Le mal par contre, ce sont ces Blancs qui débarquent avec suffisamment d’argent, qui s’approprient des terrains et villas. Le centre de l’île de Marie-Galante en est un exemple. Car cette belle île se vide plus que les autres. Quand on est guadeloupéen pauvre ou il est très difficile d’y vivre, encore plus avec la double insularité.
Dans cette catégorie de Blancs riches et aisés, l’esprit colonial ne disparait pas. Ceux-là vivent entre eux, ne fréquentent pas la population noire et la regardent de haut, en conquérants, avec tous les préjugés ancestraux des maitres blancs à l’égard des Noirs.
En Guadeloupe vers Sainte Anne et Deshaies il y a déjà eu une succession de protestation contre des Blancs ayant construit des zones fermées de villas avec interdiction d’accès à la mer pour les non-résidents qui sont en majorité des Noirs. Des manifestants ont brisé des portails d’interdiction. Il y a aussi régulièrement des incidents de ce genre en Martinique.
Dans l’île d’Aimé Césaire, un quartier connu été surnommé « békéland » car c’est là que sont regroupés les plus luxueuses propriétés des bé- kés auxquelles s’adjoignent celles de certains Blancs « vini » (nouveaux venus) les « Blancs France ». Car on distingue « Blancs pays », les békés, et « Blancs-France ».
Dans le passé, Aimé Césaire avait mis en garde contre une forme de « génocide par substitution ». Alors cet aspect des choses mécontente la population qui y perçoit une nouvelle forme de colonisation de peuplement.
Le cas de la Nouvelle Calédonie
C’est de cette façon que Messmer à l’époque, premier ministre de De Gaulle, avait fait entrer en Nouvelle Calédonie des milliers de pieds-noirs d’Algérie, mais aussi d’Asiatiques et d’autres venus d’ailleurs pour affaiblir le mouvement indépendantiste et finir par donner le droit de vote à bien des ressortissants non kanaks. Et les indépendantistes kanaks ont perdu les différents référendums sur l’indépendance, pas totalement à cause de ce phénomène mais il aura joué beaucoup. Plus grave est ce qui s’est produit dans les années 80 où le gouvernement a utilisé ces Blancs nommés « Caldoches » en Nouvelle Calédonie pour les constituer en milices armées contre les Kanaks armés. Ces derniers paralysaient tout leur pays pour montrer la force qu’ils représentaient pour leur liberté. Et c’est avec le concours de ces mêmes Caldoches que les services de renseignements français ont fait tuer par des tireurs d’élite connus, Eloi Machoro, chef de guerre kanak, et son adjoint Nonnaro alors qu’ils étaient en pleine négociation avec les militaires français lors de l’occupation d’une ferme.

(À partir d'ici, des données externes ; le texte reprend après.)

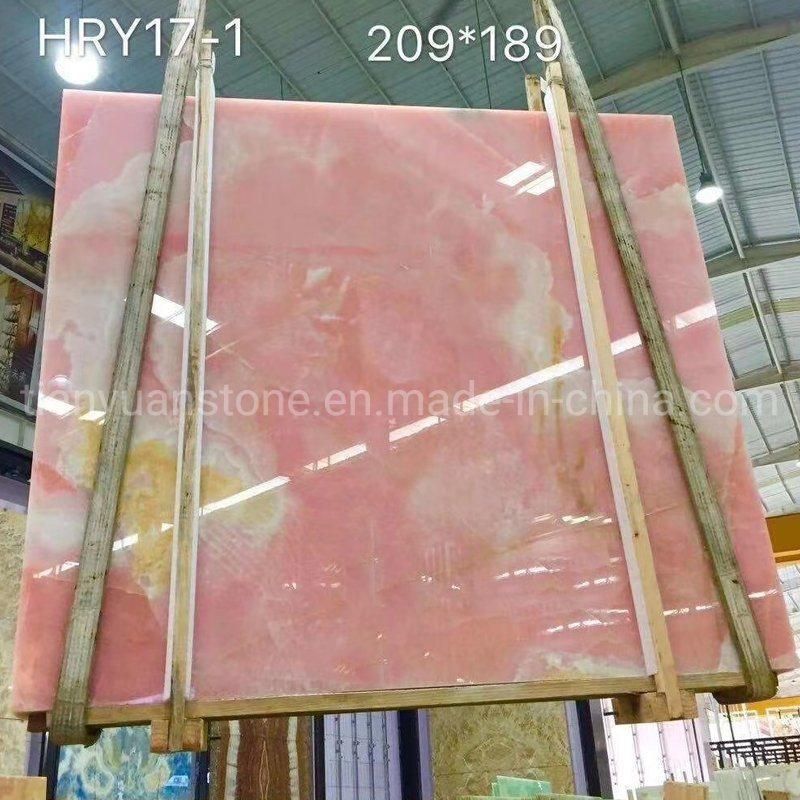 Luxury Backlit Pink Onyx Texture Marble Wall Slab for Villa
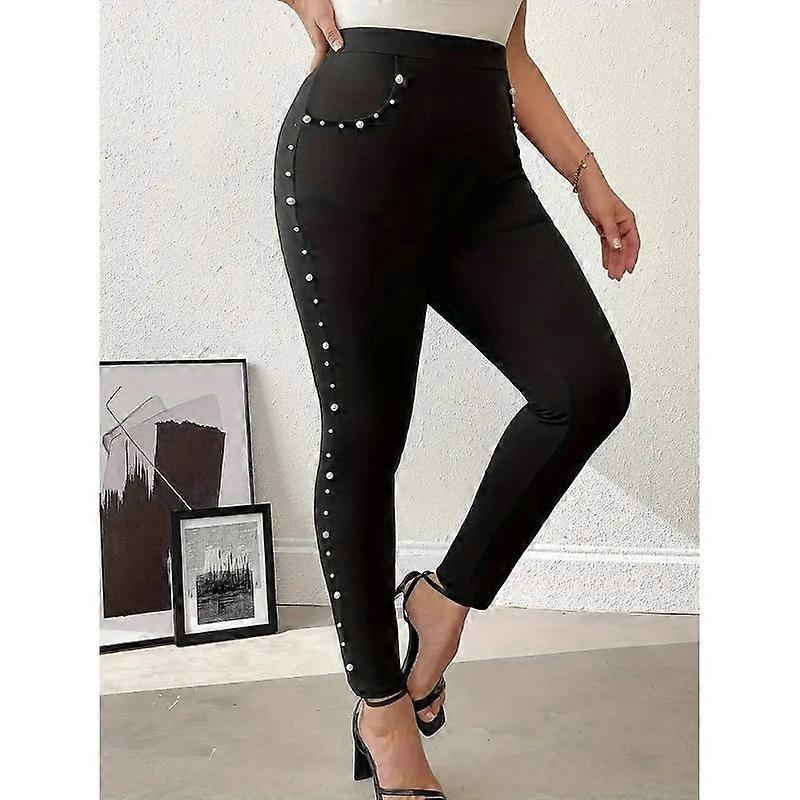 Plus Size Women's New Fall Solid Color Skinny Elegant High Waisted Pants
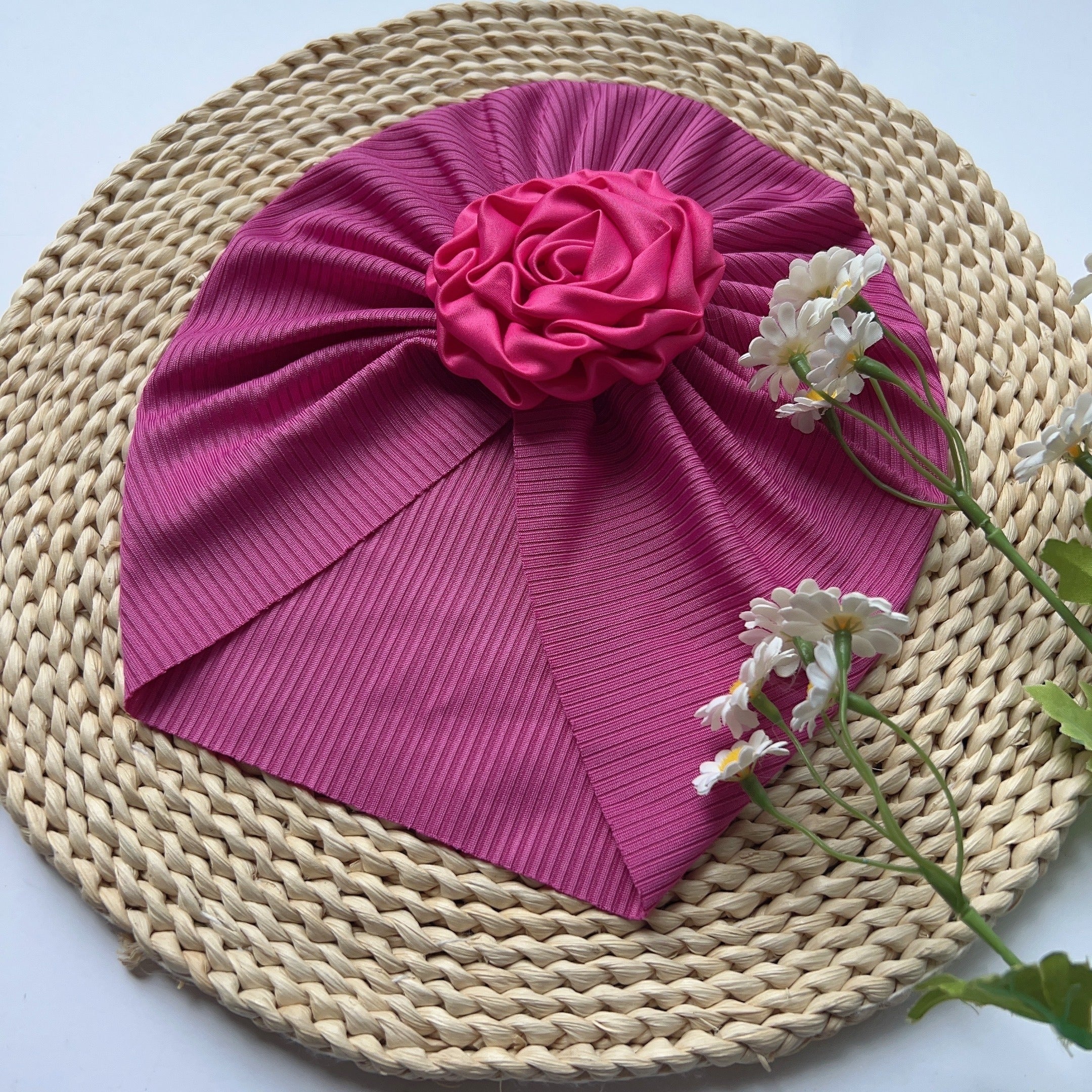 Baby Girls Flowers Decor Cap Soft Hair Wrap Head Accessories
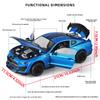 Large 1/18 Ford Mustang GT500 Miniatures Alloy Diecast Metal Vehicle Model Collectibles Sound Light Toys Car Gifts for Kids Boys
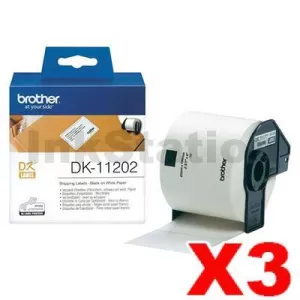 3 x Genuine Brother DK-11202 Black Text on White Die-Cut Paper Label Roll 62mm x 100mm - 300 labels per roll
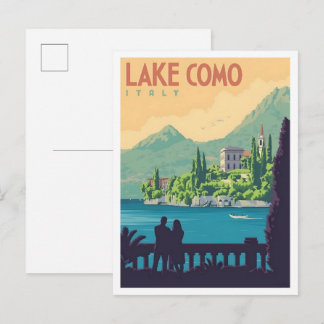 Carte Postale Lac de Côme Italie Art Voyage Vintage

Contre tous les riches : tous les travailleurs !
La venue de Blancs aisés et riches est favorisée par le colonialisme français en Martinique et en Guadeloupe.
Une petite classe ouvrière d’origine haïtienne existe. Par exemple dans le secteur de la banane la majorité des travailleurs est constituée de travailleurs haïtiens émigrés. Ils ont participé à plusieurs reprises à de grandes grèves dont celle de 2017.
Les Blancs ouvriers et pauvres sont en petit nombre pour l’instant mais pourraient devenir plus nombreux. En tant que travailleurs, ils doivent comprendre qu’ils sont les alliés de classe naturels des travailleurs noirs et indiens. Ils peuvent renforcer la lutte de tous les travailleurs contre les bourgeois békés, blancs, noirs ou indiens.
Donc malgré la baisse de la natalité, l’émigration des jeunes organisée par l’administration coloniale, il y a de quoi être optimiste en ce qui concerne le nombre et le poids de tous ces travailleurs qui constituent la classe ouvrière.
Le rôle des militants communistes révolutionnaires qui militent à leurs côtés dans les syndicats, les entreprises et leurs quartiers consiste à faire naitre ou renaître chez nos frères, la conscience de classe. Une telle conscience permettra de construire un parti ouvrier révolutionnaire communiste, un outil nécessaire aux travailleurs pour renverser le système capitaliste qui nous mène tous au chaos. Et il crée lui même la possibilité de sa propre destruction par ceux-là même qu’il a importés d’un continent à un autre. Et ce qui est valable en Guadeloupe sur ce plan-là, l’est dans tous les pays et singulièrement dans toutes les grandes puissances occidentales.
Oui, le parti ouvrier révolutionnaire de la révolution mondiale naîtra de là et renversera le système d’oppression du capitalisme mondial.